The elephant in the room is facilities, however, with some supporters troubled by the absence of definitive statements about plans for renovating Oriel Park from the new hierarchy. Treacy says they do not want to reveal their hand before having a firm plan in place, but suggested steps are being taken to get the wheels in motion for significant long lasting changes.

"That is something that we are already addressing, it is something that is planned," he said. "I know we haven't been too open about it. What I will say is that it's on our mind constantly and we are looking at it.

"We do have a couple of redevelopment plans for the YDC (Youth Development Centre which runs along one side of the pitch), we're going to be waiting four months to get approval. There is a light at the end of the tunnel."

Earlier this season, Shamrock Rovers fans produced a banner complaining about the substandard section for away fans and Treacy conceded: "It's the worst in the league.

"I'm foolish if I talk to you right now and say, 'Well you know, it's ok.' It's not. We need to fix it. We know we need to fix it. Project development takes time.

"There's probably a million things that need to be done at Oriel Park and if we try to do a million things all at once, then it's not going to be done to the best of its ability, its not going to be done in a way that it can last 20 to 50 years down the road.

"It is something we're assessing, we know what needs to be done. We're doing the little stuff right now. We have windows coming up where we can really start making noticeable improvements to Oriel Park."

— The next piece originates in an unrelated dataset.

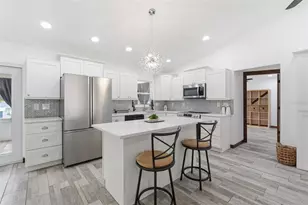 39825 Sunburst Dr, Dade City, FL 33525 - Photo 12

Treacy is helping out Bournemouth in the area of player recruitment and wants Dundalk to become a part of the network, but says that will become a gradual process. He said that there are plans to tie players to longer term contracts and move beyond the culture of one year deals.

He said that Peak6's founder Matt Hulsizer - a successful financier who has invested heavily in ice hockey - is delighted with the progress of the Dundalk project and has engaged himself in that aspect of the job.

"We're not going to leave as is," said Treacy, "Why would I want to invest in players and say in December 'Hey, we'll see you later.'

"We want to run it like a professional franchise, like they run it in England. we want to bring players on two year, three year, four year contracts but it takes time. It has to be an organic growth. Part of the success we're going to have is us not forcing it.

"Patience is not a word people like to hear. I'm thinking about next year. I hope we win the league this year, but my head is plugged in towards two to five years from now. What are the five year implications of every decision I make today? Businesses you invest in with a one year or two year approach - they fail.

"Matt (Hulsizer) is the most competitive person I know. Matt does not travel overseas that much and has not had time to come over but I can assure you every match, he's breathing down my neck when I'm trying to trade and watch the match.

"Matt is commentating on everything that's going on and sending me transfer market links of players and asking questions. His father is sending me links of Costa Rican players that he saw.

"We don't go halfway on things, especially stuff that involves competition. We go in to win. We refuse to lose. If you look at the history of our investments, and because we invest smartly, we haven't lost."